▶ _Task directions_: The answer must consist only of the lines from the line with "South Oxford District Council Logo" to the line with "CarTunedシリーズ 1-8パック", both included, exactly as they stand below.

====== Input records

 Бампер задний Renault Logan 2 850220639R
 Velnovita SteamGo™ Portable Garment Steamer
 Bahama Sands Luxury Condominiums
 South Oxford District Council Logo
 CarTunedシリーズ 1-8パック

============
====== Input records

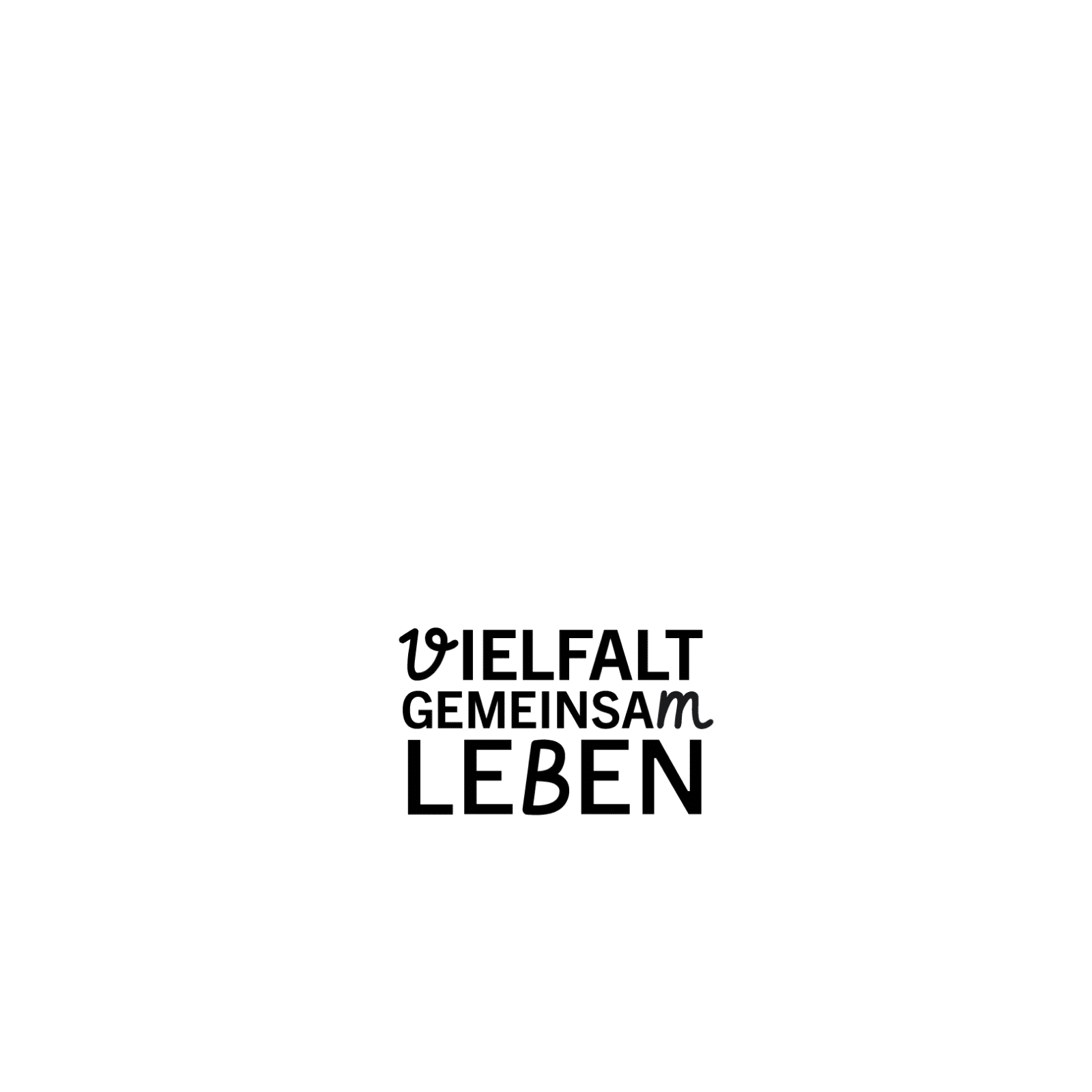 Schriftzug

============

▶ _Task result_:
 South Oxford District Council Logo
 CarTunedシリーズ 1-8パック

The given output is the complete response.